EXPELLED African National Congress (ANC) Youth League leader Julius Malema said on Wednesday the money-laundering charges against him were not "very serious".
Mr Malema appeared in court in Polokwane on Wednesday morning to answer to 16 counts of alleged money laundering, involving more than R4m.
The Hawks investigation started in August 2011 and it was understood Mr Malema was being investigated for fraud, corruption and money laundering.
Addressing about 1,000 of his supporters outside court on Wednesday, Mr Malema said the absence of fraud and corruption charges in the charge sheet presented in court was an indication that his case was politically motivated.
He pointed out that President Jacob Zuma had never appeared before court to answer to his corruption charges.
Mr Zuma’s case was dropped in 2009 by the then acting national director of public prosecutions after the National Prosecuting Authority allegedly heard tapes pointing to a political conspiracy against Mr Zuma.
Mr Malema said on Wednesday the case against him was part of a political conspiracy led by Mr Zuma.
Senior leaders of the ANC have preferred not to talk about Mr Malema since he was expelled from the party in April this year.
The ANC rejected links to Mr Zuma in Mr Malema’s money-laundering trial, saying the accusations were "misleading and seeking to undermine the rule of law and jurisprudence of the country".
ANC spokesman Jackson Mthembu said in a statement: "We want to state it categorically that the ANC, Zuma and its leadership have no role in the charges.
"It is evident that anybody that suggests the abuse of state powers is trying to water down the implications inherent in the charges and prejudging the case before it has even started," Mr Mthembu said.

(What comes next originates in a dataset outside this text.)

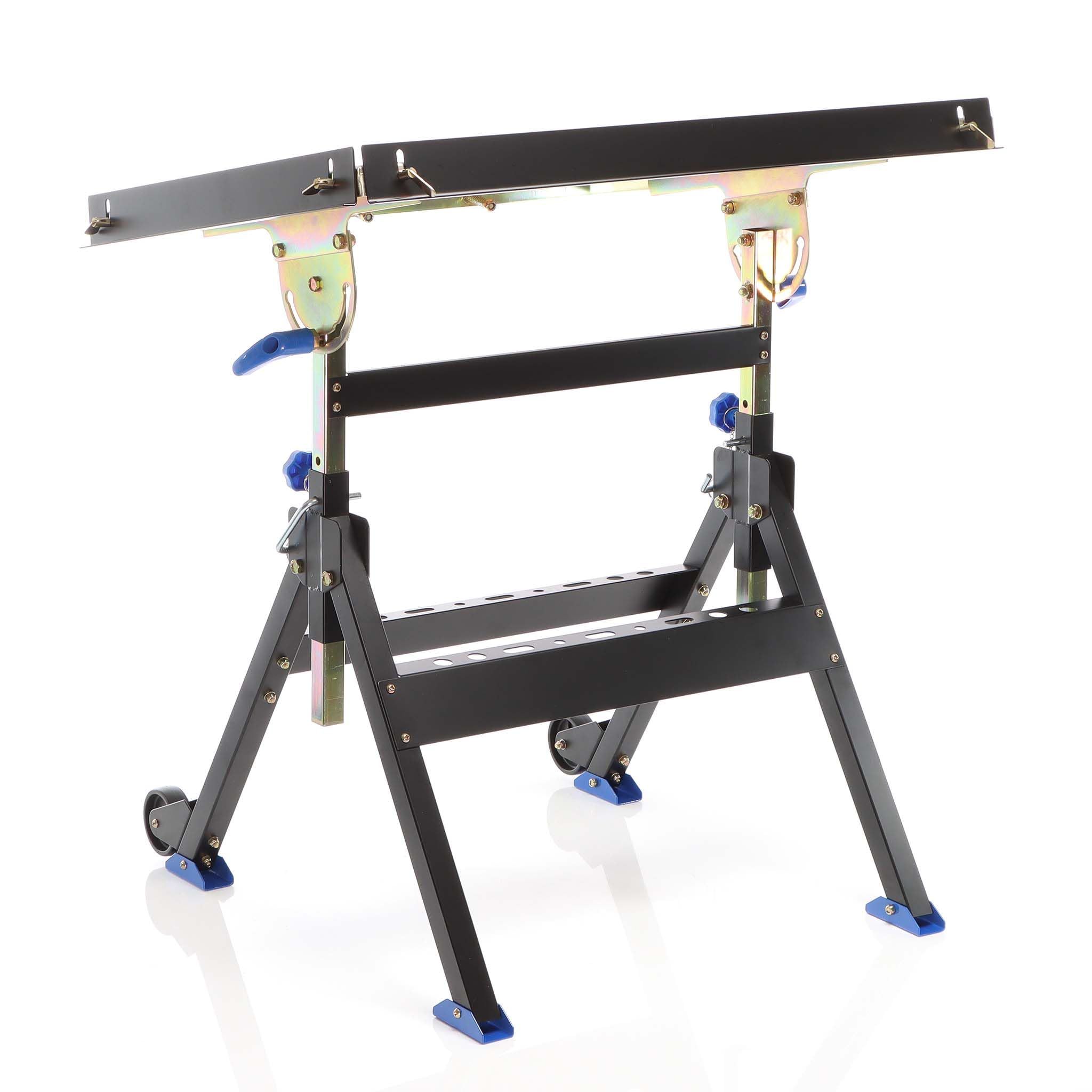 XPOtool Banco saldatura pieghevole max 150 kg, carrello regolabile in altezza 735-860 mm, inclinabile fino a 90°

Mr Malema used the Marikana tragedy — where 46 people died in a strike at Lonmin’s Marikana platinum mine near Rustenburg — to undermine Mr Zuma's leadership.
This was part of the campaign to block Mr Zuma’s bid for a second term at the ANC national elective conference in Mangaung in December.
Mr Malema said on Wednesday he would return to the Impala Platinum mine in Rustenburg on Thursday, where striking workers are demanding a minimum monthly wage of R12,500.
"They will never stop us," Mr Malema said.